It has always struck me about this book how “figure is indistinguishable from ground” and this review brings this issue into an interesting conversation about matter.
Behreandt also raises the question of how I/Black Ocean have framed this translation:
Of course, one must remain mindful that the American audience receives Dark Matter through the interpretive framing of Johannes Görannson. If Berg writes, “Come Leatherface, my love, glide into the face of the secret’s bestial longing” and never again makes mention of Leatherface, both Gorannson’s introduction and the copy on the back cover, while acknowledging numerous sources, emphasize Berg’s allusion to and alteration of The Texas Chainsaw Massacre. It makes this reviewer wonder if the American kitschy-grotesque aesthetic, as it codifies its discourse and forms its canon, is promoting an edgy, hip Dark Matter that is in constellation with Bataille while keeping mum on the Dark Matter in constellation with Novalis (whose verse serves as an epigraph for the book), the Dark Matter which frequently addresses traditional philosophic questions on idealism vs. materialism, artificial vs. natural, reason vs. will, being vs. becoming, unity vs. strife.

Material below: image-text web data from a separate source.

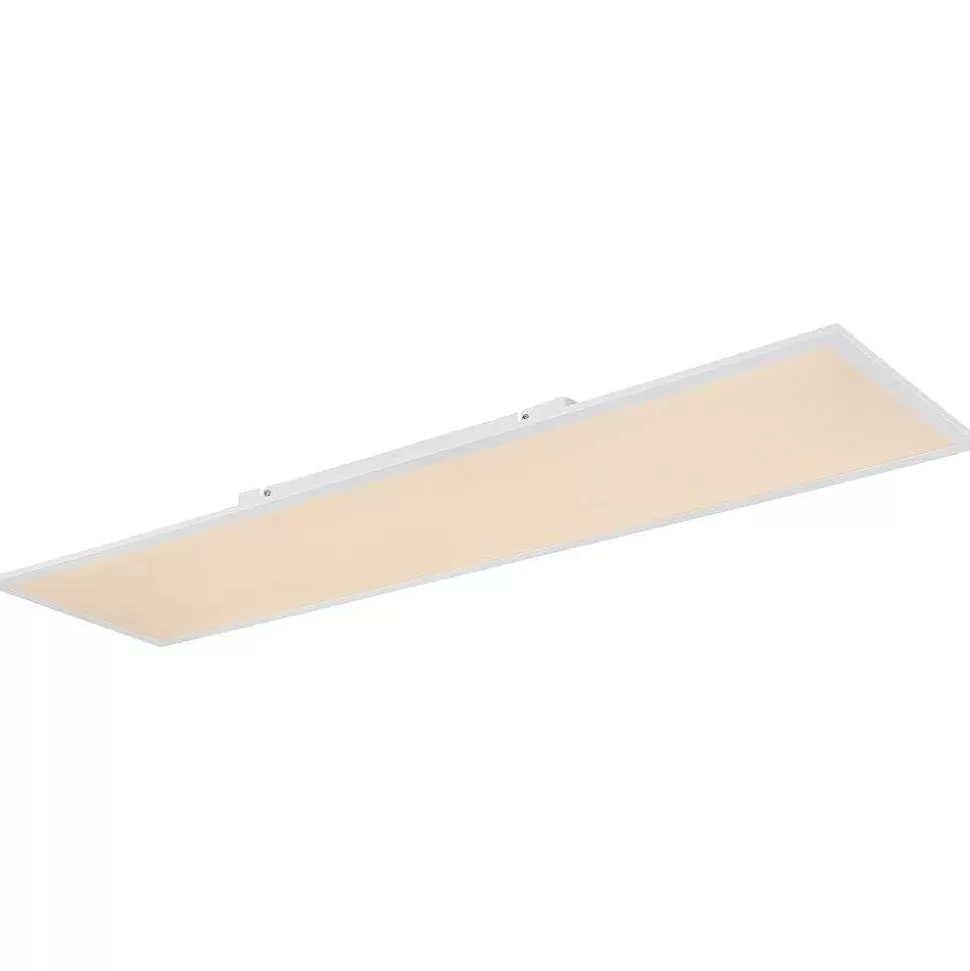 Luminaires Globo Lighting Tuya>Plafonnier Globo Doro Led Blanc, 2 Lumieres, Telecommandes, Changeur De Couleurs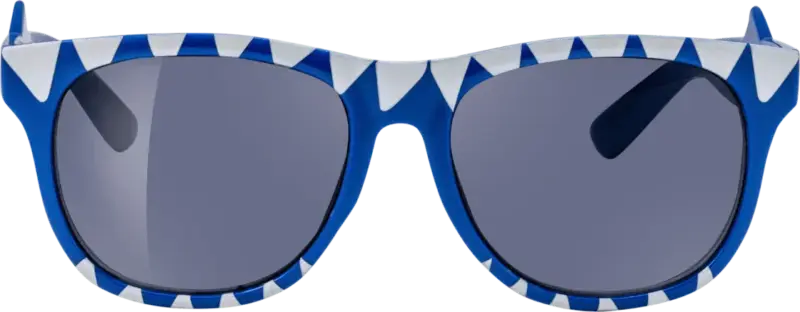 SUNDANCE Sonnenbrille Junior blau-wei&szlig;es Muster
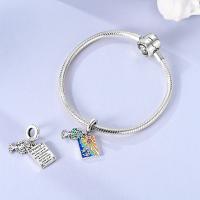 Encantos Originales De Plata 925 Para DIY Pulsera Y Collar Joyería Para Mujer Con Deseño De Sol Y Luna Joyas Delicadas - details 72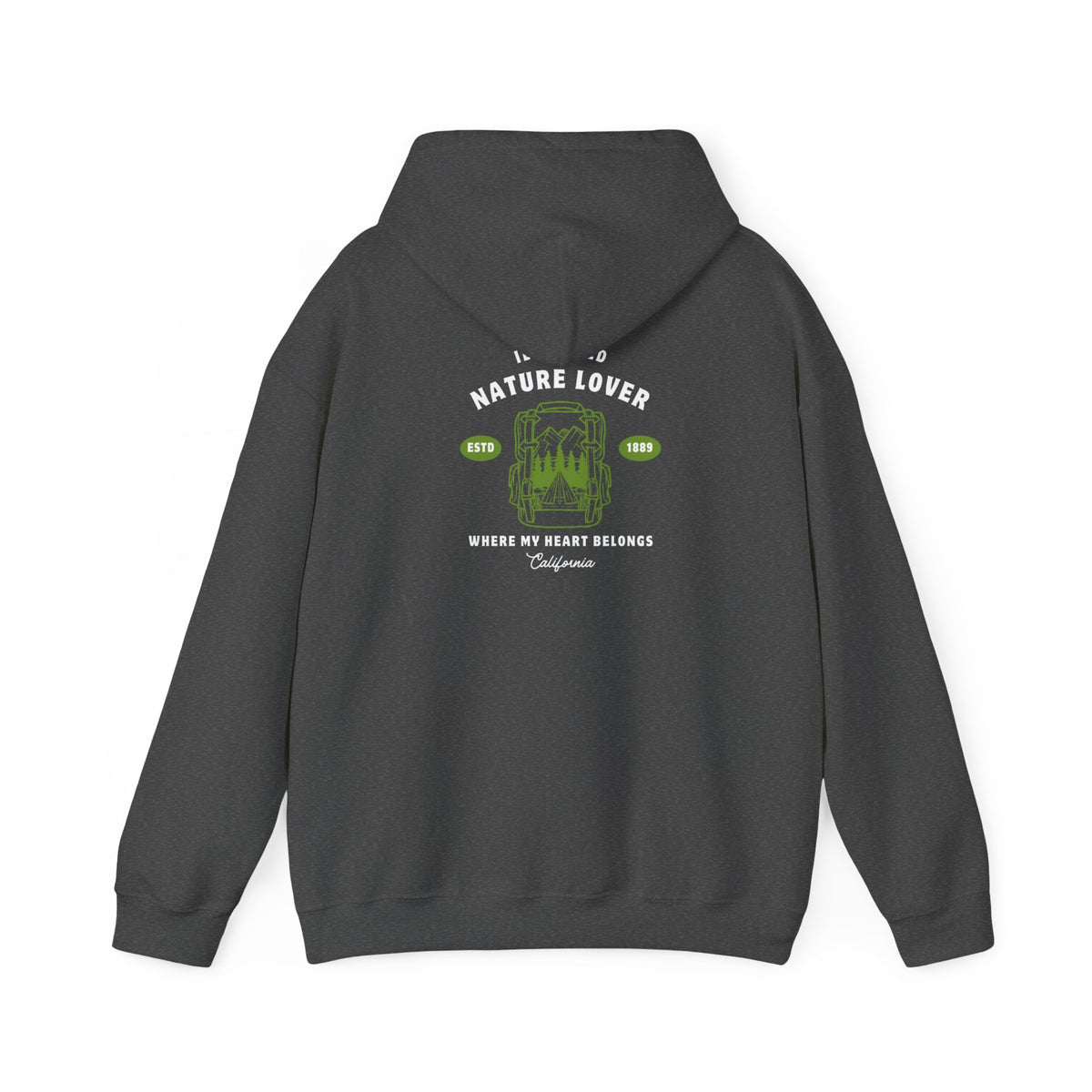 Idyllwild Nature Lover Established Green Hoodie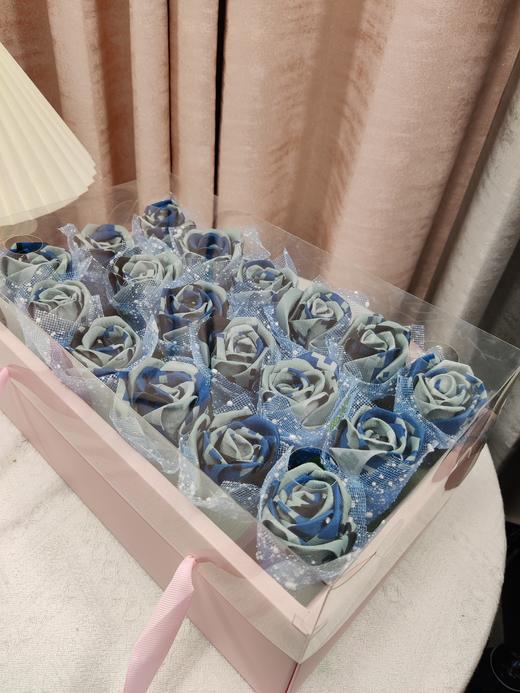 18朵蝴蝶结礼盒手工DIY牛津布玫瑰花束军恋礼物（手工制作产品不支持退换货哦）类lb 商品图5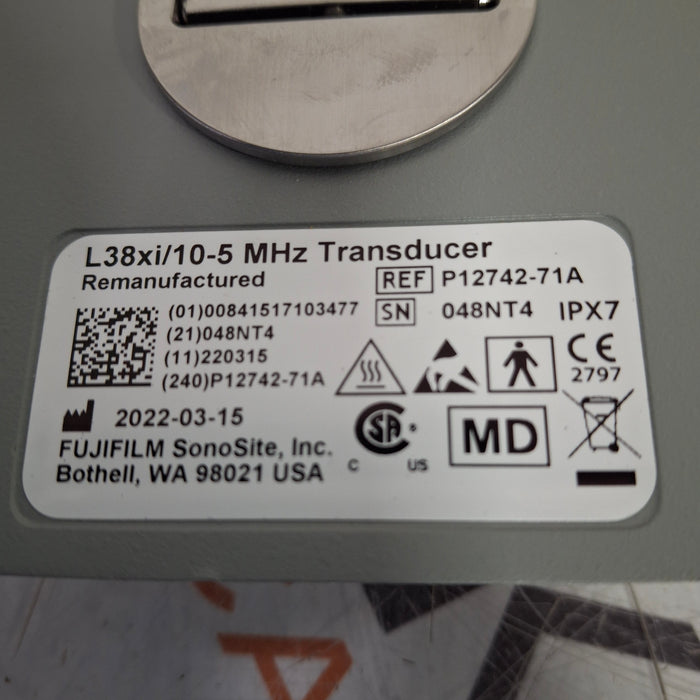 Sonosite L38xi 10-5 MHZ Linear Transducer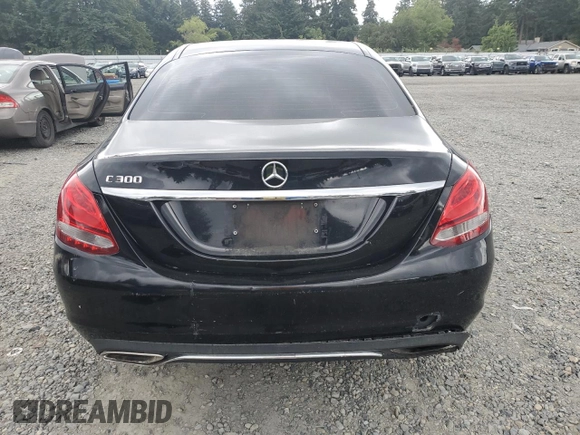 2016 Mercedes-Benz C 300 with VIN 55SWF4JB1GU109657, listed as a Copart auction lot 62938525 with 113,587 mi miles and Clean title. Bid and sale history available at DreamBid. Image 6.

I think that’s a fair question. I have always loved that poem (4.5 In Reactor) and the line about Leatherface has always stuck out to me, not just because she only uses this word once, but because for me that word (leather+face) invokes a lot of motifs from the text: the neologism, the foreignesese, the way identity is both a mask and very matter-y (made of fake skin); but also because one of Berg’s main inspirations is b-movies of various kinds (like Texas Chainsaw Massacre, which she has written about, or that horror movie with Nicole Kidman who kills her kids, which she re-wrote of sorts for her fifth book). Berg is also very much interested in kitsch – but like me, she has an expansive view of it. For example, she raised some eyebrows when she said she could appreciate Tranströmer “as kitsch”; but she did not mean that snidely. Although she has poems about guinea pigs, they are never merely ridiculous (as the term “kitsch” might suggest), they are quite horrifying, intensive.
And in this regard I have to go back to Daniel Tiffany’s observation that kitsch as “excessive beauty” and largely coming out of Romanticism. So that for me, Novalis is not the opposite of kitsch, but in conversation with kitsch (It might also be noteworthy that German Romanticism, and Novalis in particular, was a big influence on Breton and the French Surrealists, as well as the Stockholm Surrealists). And as for “traditional philosophic questions on idealism vs. materialism, artificial vs. natural, reason vs. will, being vs. becoming, unity vs. strife” – I hope I have not obscured these; I think both “kitsch” and Bataille contain interesting ways of framing such questions.